Friday, April 4, 2014

How to sail through the storm with phantom types

The storm framework is a handy tool when it comes to handling real-time infinite stream of data. Credits go to Nathan and his team! In a nutshell, storm models a flow based programming paradigm where the processes are modelled using Java classes spout and bolt, where spout denotes a data-generation process and bolt denotes a data processing/transforming possess. To illustrate the idea, let's consider the typical word count example in Storm.
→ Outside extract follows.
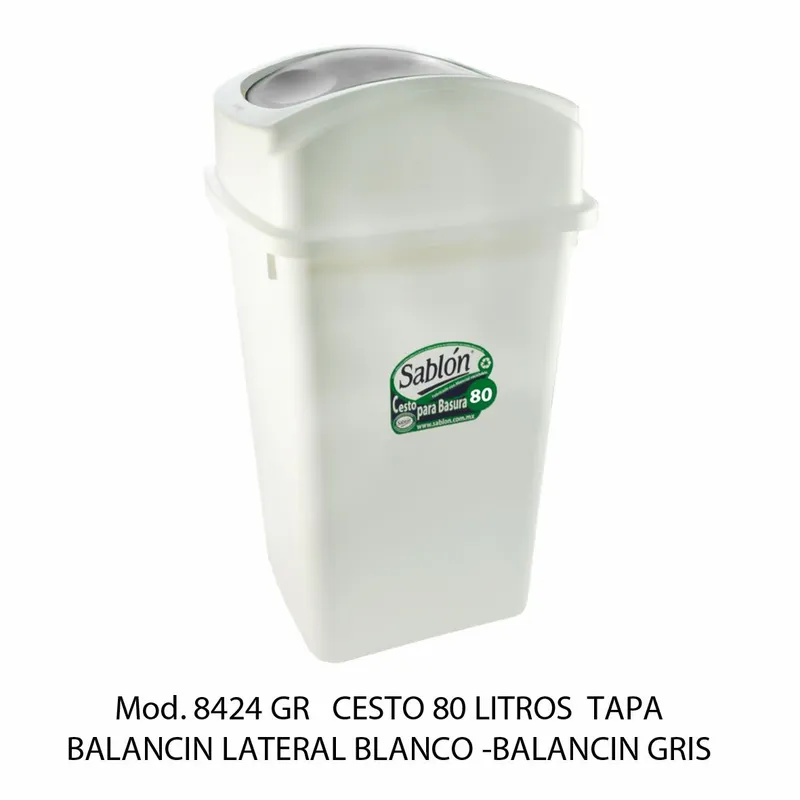 Bote de basura grande de 80 litros — Tapa Balancín Lateral Gris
For conciseness, we adopt the Scala DSL syntax from ScalaStorm, (more credits go to Evan Chan]
  class RandomSentenceSpout extends StormSpout(outputFields = List("sentence")) {
    val sentences = List("the cow jumped over the moon",
                         "an apple a day keeps the doctor away",
                         "four score and seven years ago",
                         "snow white and the seven dwarfs",
                         "i am at two with nature")
    def nextTuple = {
      Thread sleep 100
      emit (sentences(Random.nextInt(sentences.length)))
    }
  }
Viewing a storm topology as flow of data processes, a spout is a data generating process. For example, the RandomSetenceSpout defined above operates by executing the method nextTuple, which randomly picks one sentence out of the predefined set and passes it to the next process in the pipeline.
Let's move onto the next item in the pipeline, the SplitSentence bolt.
  class SplitSentence extends StormBolt(outputFields = List("word")) {
    def execute(t: Tuple) = t matchSeq {
      case Seq(sentence: String) => sentence split " " foreach
        { word => using anchor t emit (word) }
      t ack
    }
  }
Being different from a spout, a bolt takes the output from its previous process in the pipeline as input. Given the input, a bolt invokes the execute() method to compute the output which will be in term passed to the next process in the pipeline. In this example, the SplitSentence bolt splits the incoming sentences (from the RandomSentence bolt) by spaces and passes the splitted words to the next process, the WordCount bolt.
  class WordCount extends StormBolt(List("word", "count")) {
    var counts: Map[String, Int] = _
    setup {
      counts = new HashMap[String, Int]().withDefaultValue(0)
    }
    def execute(t: Tuple) = t matchSeq {
      case Seq(word: String) =>
        counts(word) += 1
        using anchor t emit (word, counts(word))
        t ack
    }
  }
The WordCount bolt is the last process in this wordcount topology. It simply counts the occurrences of words it collects. Putting all the three pieces into a topology we have.
object WordCountTopology {

  class RandomSentenceSpout extends StormSpout(outputFields = List("sentence")) {
    val sentences = List("the cow jumped over the moon",
                         "an apple a day keeps the doctor away",
                         "four score and seven years ago",
                         "snow white and the seven dwarfs",
                         "i am at two with nature")
    def nextTuple = {
      Thread sleep 100
      emit (sentences(Random.nextInt(sentences.length)))
    }
  }

  class SplitSentence extends StormBolt(outputFields = List("word")) {
    def execute(t: Tuple) = t matchSeq {
      case Seq(sentence: String) => sentence split " " foreach
        { word => using anchor t emit (word) }
      t ack
    }
  }

  class WordCount extends StormBolt(List("word", "count")) {
    var counts: Map[String, Int] = _
    setup {
      counts = new HashMap[String, Int]().withDefaultValue(0)
    }
    def execute(t: Tuple) = t matchSeq {
      case Seq(word: String) =>
        counts(word) += 1
        using anchor t emit (word, counts(word))
        t ack
    }
  }
  
  def main(args: Array[String]) = {
    val builder = new TopologyBuilder

    builder.setSpout("randsentence", new RandomSentenceSpout, 5)
    builder.setBolt("split", new SplitSentence, 8)
        .shuffleGrouping("randsentence")
    builder.setBolt("count", new WordCount, 12)
        .fieldsGrouping("split", new Fields("word"))

    val conf = new Config
    conf.setDebug(true)
    conf.setMaxTaskParallelism(3)

    val cluster = new LocalCluster
    cluster.submitTopology("word-count", conf, builder.createTopology)
    Thread sleep 10000
    cluster.shutdown
  }
}
Note that a storm topology is developed in the main() method, where the TopologyBuilder connects the set of data processes by chaining them together.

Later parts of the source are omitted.